Adam Hadwin to zawodnik notowany na 70. miejscu światowego rankingu PGA Tour i znajomy Nicka Taylora. Hadwin próbował dołączyć do świętującego sukces kolegi i chciał powitać go szampanem. Kiedy biegł w jego stronę, pryskając trunkiem, szybko został jednak powstrzymany przez ochroniarza.
Najwyraźniej porządkowy nie wiedział, kim jest nadbiegający mężczyzna i bał się, że ten może zrobić krzywdę zwycięzcy turnieju. Bez pardonu rzucił się na Hadwina i powalił go na ziemię. Chwilę później dołączyli inni pracownicy ochrony i kilka innych osób.
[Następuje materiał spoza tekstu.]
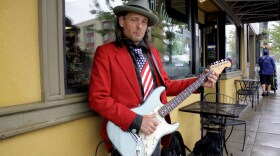 Kenny Wayne Gunner plays guitar in downtown Bremerton at lunch time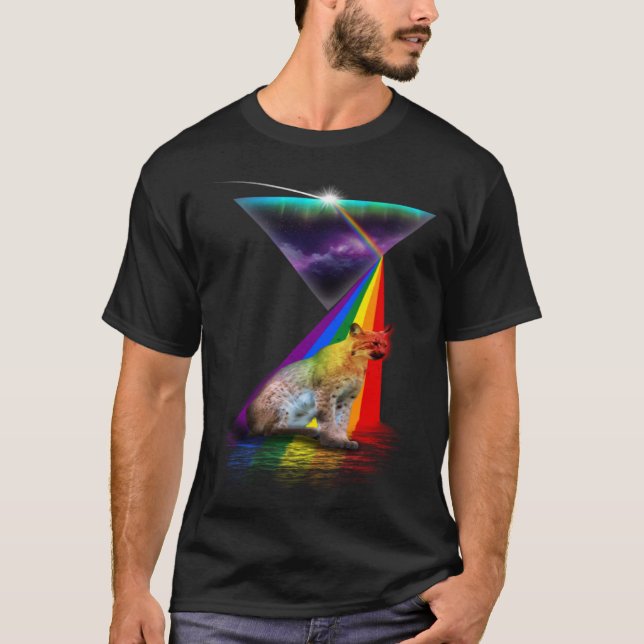 Vintage Retro Prism Lynx T Shirt (Framsida)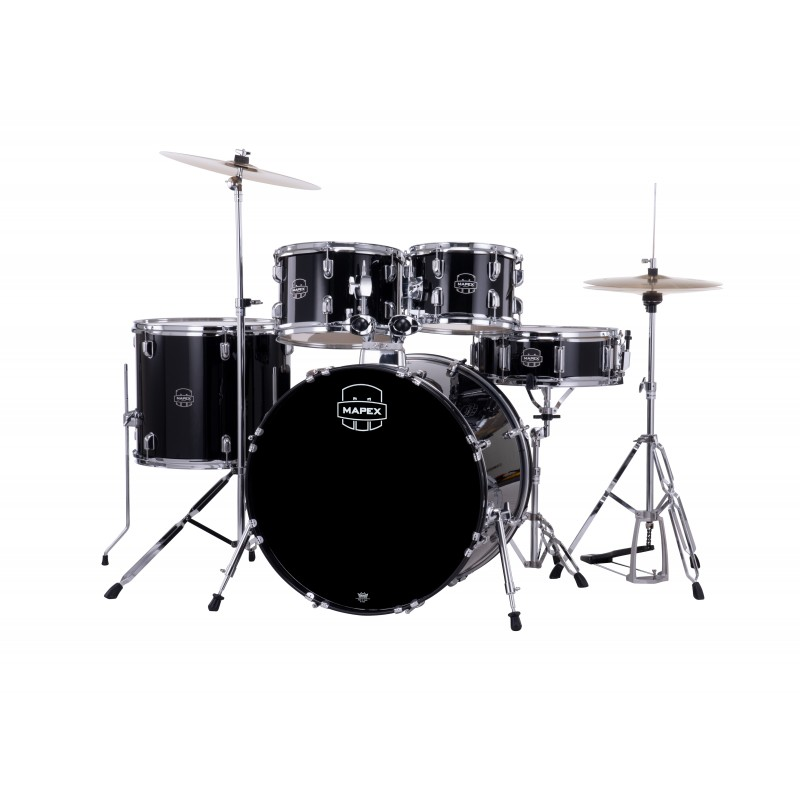 MAPEX - Set Comet Rock 5 pezzi completo di piatti, hardware e seggiolino. Finitura DK Dark Black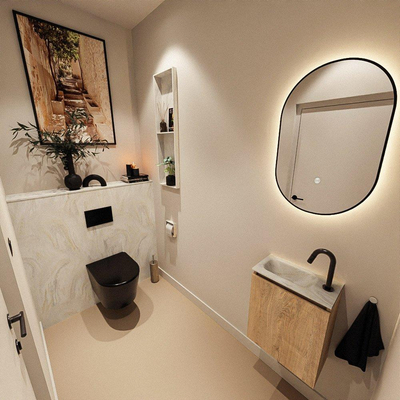 MONDIAZ TURE-DLUX Meuble toilette - 40cm - Washed Oak - EDEN - vasque Ostra - position gauche - 1 trou de robinet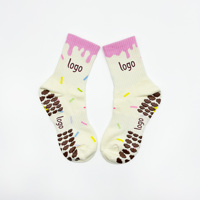 Chaussettes de sport personnalisées antidérapantes Pilates Crème Rose Motif coloré à pois pour le yoga, l'entraînement et le quotidien – Adorables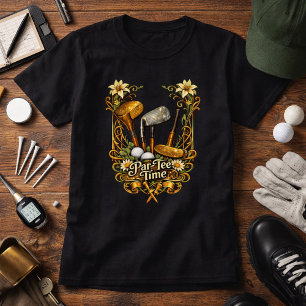 Vergulde Golf Par-Tee Tijd T-shirt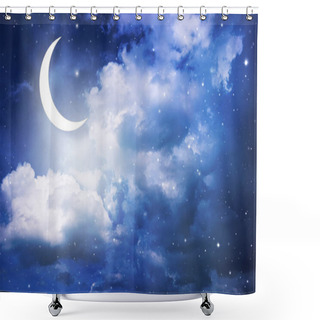 Personality  Night Sky And Moon, Stars,Ramadan Kareem Celebration. Shower Curtains
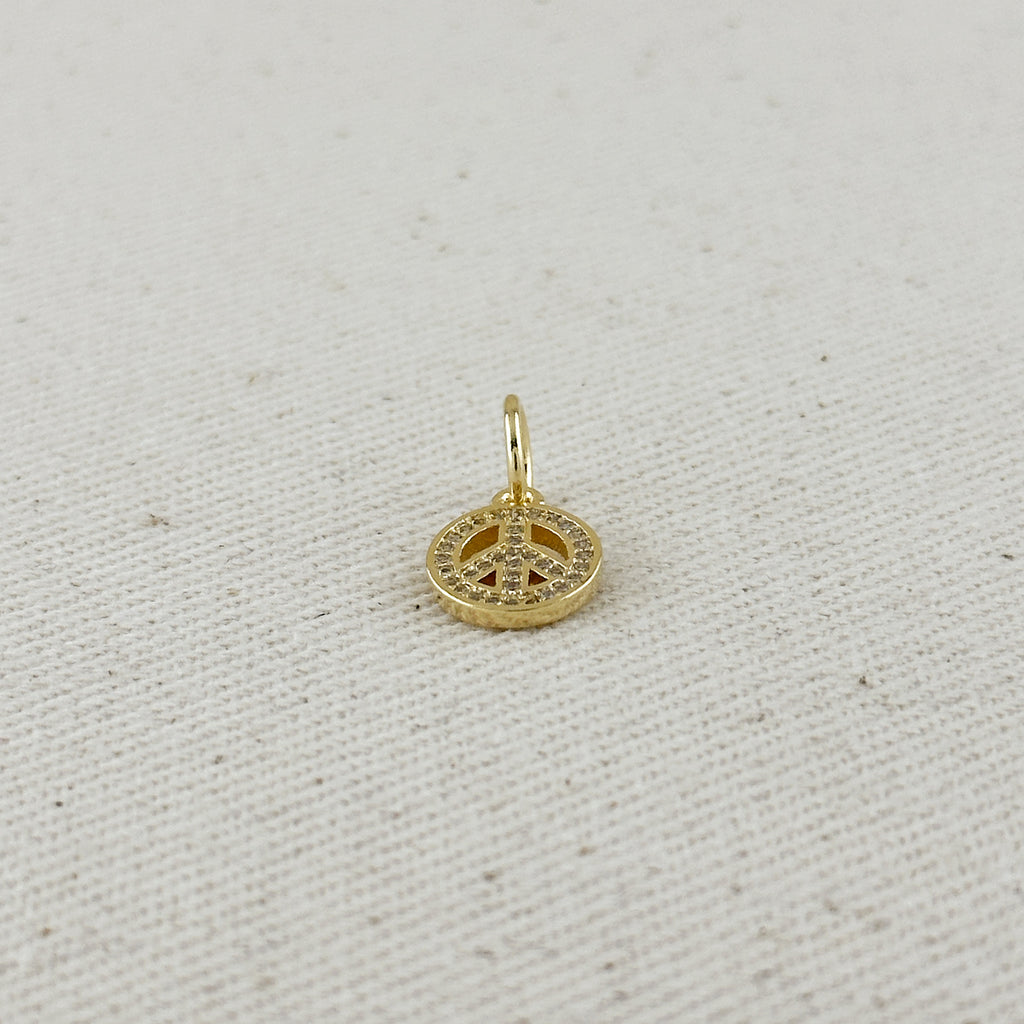 18k Gold Filled CZ Peace Sign Pendant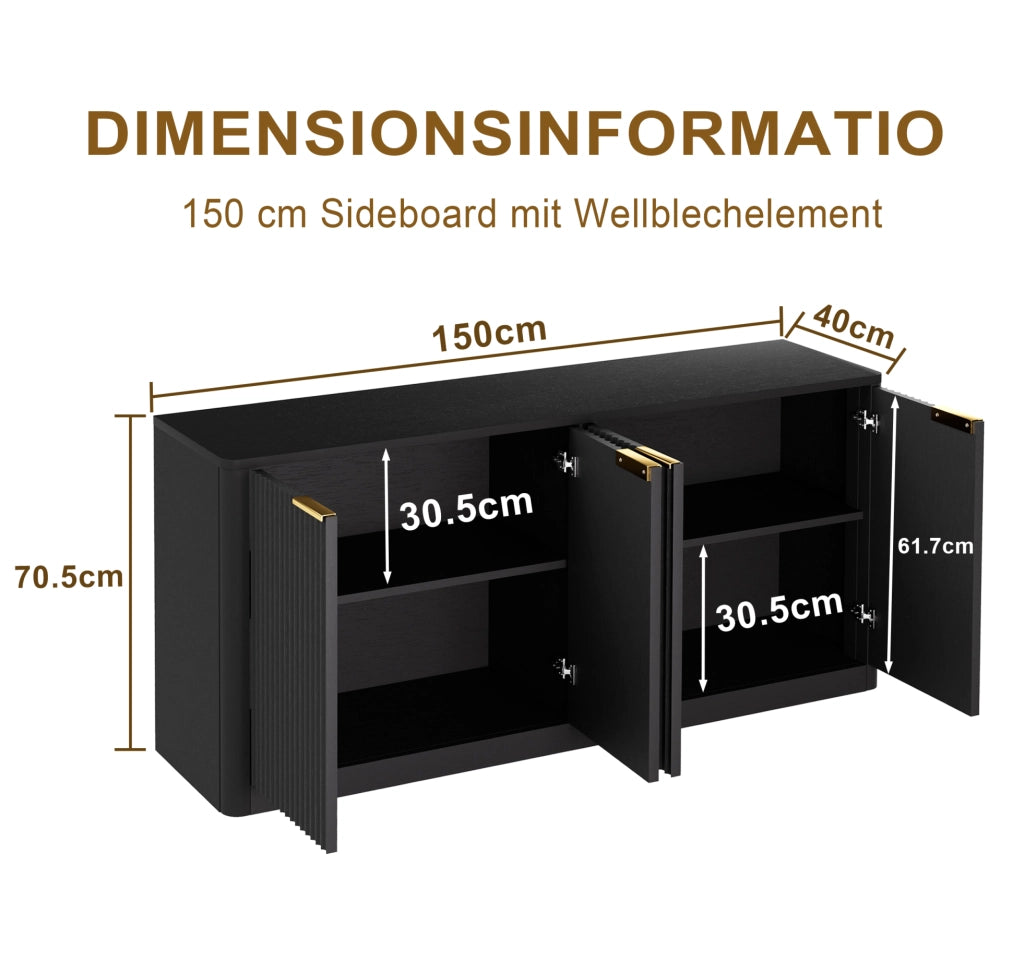 Credenza 150x40x70,5 cm a 4 ante in MDF nero con pannelli ondulati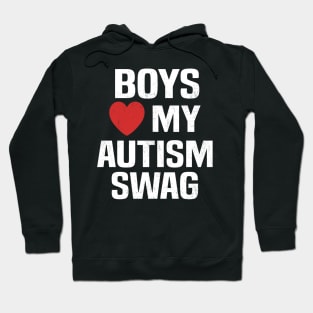 Boys Heart My Autism Swag Funny Boys Love My Autism Swag Hoodie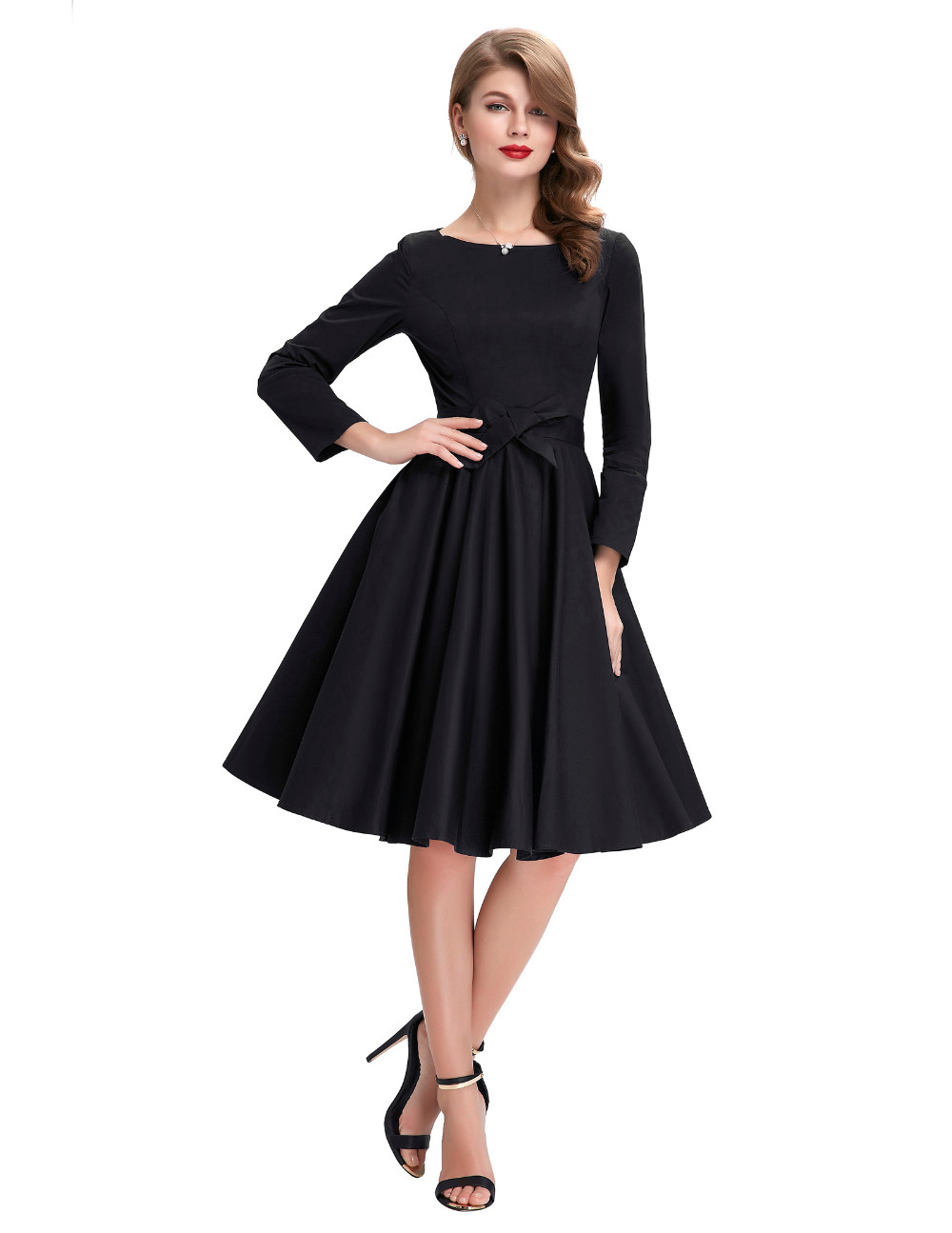 long sleeve rockabilly dress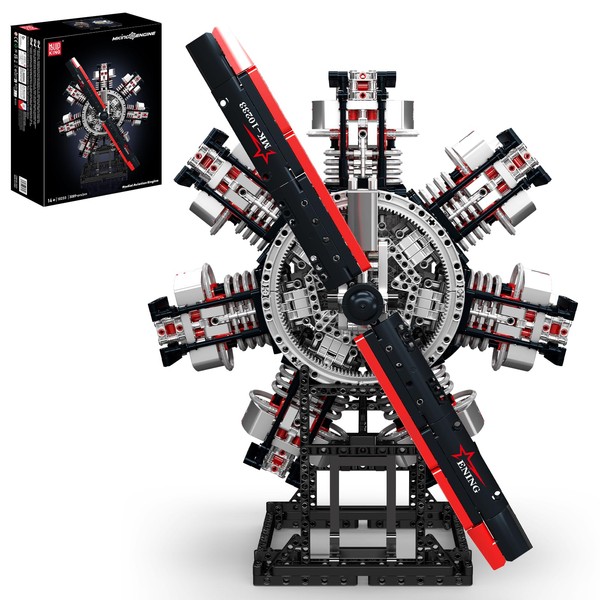 Mould King Military Aircraft Engine Building Block Kit, 3089 Pieces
Szybko wyjaśniono jednak, że przewrócony człowiek z szampanem to także golfista i zamieszanie dobiegło końca. Chwilę później zawodnik dołączył do świętującego kolegi.
Sytuacja raczej nie zdenerwowała Hadwina, ponieważ niedługo po niej żartował w mediach społecznościowych. Umieścił w nich najpierw zdjęcie z momentu złapania go przez ochroniarza, a następnie dodał zdjęcie butelki po szampanie z podpisem: "To jest butelka i znajdzie się ona w Galerii Sław kanadyjskiego golfa". Skomentował następnie: "Umieśćcie ją w Luwrze".
Hadwin pogratulował również triumfu Nickowi Taylorowi. "Słowa nie są w stanie opisać tego, co właśnie osiągnąłeś. Jestem z Ciebie niezwykle dumny" - napisał mniej utytułowany zawodnik. Kanadyjskie media porównują ten triumf do wygrania NBA przez Toronto Raptors i złotego medalu ich reprezentacji podczas igrzysk olimpijskich w 2010 roku.